Hello reader, page, screen, blog, new year. Hello, wintery intermezzo, and hello longer nights, hours spent indoors, learning and storing, contemplating. Hello bookshelf, and hello resolution…
I resolved this winter to further a blossoming interest in my home ground, in the water and soil that surrounds. This attention to New York’s wildness and natural history has been too long deferred, was begrudging for most of our first years here, but with help of a recently gifted book–the seminal Wild New York: A Guide to the Wildlife, Wild Places, and Natural Phenomena of New York, by Margaret Mittelbach and Michael Crewdson–I finally am learning my turf. Mittelbach and Crewdson’s work is thorough, thick with fundamentals on everything from geology to weather, botany to forest ecology.

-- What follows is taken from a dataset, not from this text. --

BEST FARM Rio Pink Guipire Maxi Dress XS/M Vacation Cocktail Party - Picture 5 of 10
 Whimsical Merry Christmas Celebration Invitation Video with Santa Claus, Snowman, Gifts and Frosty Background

Again and again I have been struck by their curious facts and revelatory explanations for this city’s natural phenomena—and each strike has resonated within my own city umwelt.
Here are a few:
Tectonics and Bedrock: I have rarely gloried in the geology of a place, despite its role as the susbtrate for all other ologies. But since I fought against loving New York for so long, it seemed fitting to start at the start of this city’s wild core, and this book delivered.
Here’s what’s cool about New York City’s geological story. First: underneath my own Bronx River, then flitting through the East River and bounding western Queens, is a demarcation known as “Cameron’s Line”– fractured rock indicating where, in Pangaean days, the Americas and Africa were joined.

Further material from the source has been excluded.